Saturday, November 4, 2023

The Human Monster aka The Dark Eyes of London (Walter Summers, 1939)

Here's a weird one. The Human Monster has an atypical, complicated story, a quietly relaxed pace, a wealth of strange details, strong performances, and a dry British sense of humor. It's a little too laidback to pack a real punch (except for a few moments in the final scenes), but I liked its party-of-one eccentricity.
A UK production with a couple of borrowed Hollywood actors, the film is set in London and begins with Scotland Yard detectives investigating a series of mysterious deaths. Single men with no families are turning up dead in the Thames. There are no visible signs of foul play, so suicide is the most likely explanation, but that doesn't sit well with head detective on the case, Larry Holt (Hugh Williams), who is being trailed on the job by a visiting detective from Chicago, Lt. Patrick O'Reilly (Edmon Ryan). There's a running gag throughout the film about how much Americans love guns versus their more sophisticated British counterparts in law enforcement and crime. The U.S. never really changes, does it?

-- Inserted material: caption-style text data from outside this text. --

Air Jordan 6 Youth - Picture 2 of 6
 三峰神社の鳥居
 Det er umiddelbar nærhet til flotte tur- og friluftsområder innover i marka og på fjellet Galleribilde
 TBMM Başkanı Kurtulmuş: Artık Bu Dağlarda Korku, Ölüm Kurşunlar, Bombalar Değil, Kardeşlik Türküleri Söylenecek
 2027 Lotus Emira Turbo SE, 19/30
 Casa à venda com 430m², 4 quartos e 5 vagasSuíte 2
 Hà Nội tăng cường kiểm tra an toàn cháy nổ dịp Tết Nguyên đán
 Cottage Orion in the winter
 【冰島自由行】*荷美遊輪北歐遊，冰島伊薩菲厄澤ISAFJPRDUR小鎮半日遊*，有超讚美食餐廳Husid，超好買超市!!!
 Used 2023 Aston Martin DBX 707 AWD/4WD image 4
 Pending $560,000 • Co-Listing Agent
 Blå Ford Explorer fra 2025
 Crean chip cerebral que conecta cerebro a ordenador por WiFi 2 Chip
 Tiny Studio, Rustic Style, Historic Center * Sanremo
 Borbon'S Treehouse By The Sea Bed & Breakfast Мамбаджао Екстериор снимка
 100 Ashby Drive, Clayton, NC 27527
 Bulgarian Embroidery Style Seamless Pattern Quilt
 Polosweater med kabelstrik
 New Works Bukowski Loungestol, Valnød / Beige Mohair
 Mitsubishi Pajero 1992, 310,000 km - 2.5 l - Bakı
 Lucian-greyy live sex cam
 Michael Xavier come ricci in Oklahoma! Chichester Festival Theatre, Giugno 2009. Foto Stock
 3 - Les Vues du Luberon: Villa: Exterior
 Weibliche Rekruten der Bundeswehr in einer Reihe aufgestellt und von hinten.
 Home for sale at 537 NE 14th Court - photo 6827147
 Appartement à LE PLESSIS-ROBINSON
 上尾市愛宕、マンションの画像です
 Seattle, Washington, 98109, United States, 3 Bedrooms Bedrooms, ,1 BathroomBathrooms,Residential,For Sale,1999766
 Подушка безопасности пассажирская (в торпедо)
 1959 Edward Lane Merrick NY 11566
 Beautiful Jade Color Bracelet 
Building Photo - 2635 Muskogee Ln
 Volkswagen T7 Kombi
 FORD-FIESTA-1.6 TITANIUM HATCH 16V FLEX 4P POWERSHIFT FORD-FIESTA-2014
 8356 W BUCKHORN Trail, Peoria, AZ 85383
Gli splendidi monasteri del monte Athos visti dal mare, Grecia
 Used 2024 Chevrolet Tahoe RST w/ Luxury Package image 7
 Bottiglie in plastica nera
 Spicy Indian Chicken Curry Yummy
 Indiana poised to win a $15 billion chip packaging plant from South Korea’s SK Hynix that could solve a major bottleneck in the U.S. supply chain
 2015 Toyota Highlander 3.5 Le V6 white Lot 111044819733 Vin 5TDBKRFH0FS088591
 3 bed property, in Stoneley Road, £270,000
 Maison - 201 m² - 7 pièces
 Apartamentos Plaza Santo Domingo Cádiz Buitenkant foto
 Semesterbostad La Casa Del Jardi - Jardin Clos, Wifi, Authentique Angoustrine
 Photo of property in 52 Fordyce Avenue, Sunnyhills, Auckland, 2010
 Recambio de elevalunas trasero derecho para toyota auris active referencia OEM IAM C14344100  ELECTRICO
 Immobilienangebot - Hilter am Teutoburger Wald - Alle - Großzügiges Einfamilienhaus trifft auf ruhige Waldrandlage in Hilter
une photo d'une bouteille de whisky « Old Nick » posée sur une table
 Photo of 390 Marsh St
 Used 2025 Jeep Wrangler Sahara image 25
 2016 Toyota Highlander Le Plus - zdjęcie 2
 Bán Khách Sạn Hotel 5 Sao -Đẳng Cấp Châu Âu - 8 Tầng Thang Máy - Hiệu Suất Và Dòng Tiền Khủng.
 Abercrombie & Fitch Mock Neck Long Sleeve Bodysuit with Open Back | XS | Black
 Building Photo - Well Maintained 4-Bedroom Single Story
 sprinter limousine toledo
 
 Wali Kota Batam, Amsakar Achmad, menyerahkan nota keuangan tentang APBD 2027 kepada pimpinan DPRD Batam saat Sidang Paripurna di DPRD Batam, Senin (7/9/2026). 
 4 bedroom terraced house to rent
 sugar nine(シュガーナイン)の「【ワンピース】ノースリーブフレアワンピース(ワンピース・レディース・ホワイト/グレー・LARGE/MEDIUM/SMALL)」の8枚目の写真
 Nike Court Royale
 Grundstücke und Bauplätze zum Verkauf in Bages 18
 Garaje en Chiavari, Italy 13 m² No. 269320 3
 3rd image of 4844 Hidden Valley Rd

The investigation leads to the office of a former doctor turned insurance agent named Feodor Orloff (Bela Lugosi). Some of the dead men in the Thames had life insurance policies with Orloff's office. Orloff has records of the beneficiaries of the policies and shows them to the detectives, but the dude is played by Bela Lugosi. You know he's up to some shit, especially when you see him hypnotize people with his eyes. The man has a lot going on.
Orloff, despite being a disgraced doctor who left the profession for the insurance biz under a cloud of scandal, is allowed to be a doctor on call for a home for the blind, run by a blind minister named John Dearborn who looks a lot like Lugosi in sunglasses and a wig (the Dearborn voice is dubbed by another actor named O.B. Clarence). I repeat, the man has a lot going on. Dearborn's and Orloff's assistant at the school, Jake (Wilfred Walter), is a hulkingly enormous blind man with pointy ears and a row of misshapen teeth who groans and grunts a lot.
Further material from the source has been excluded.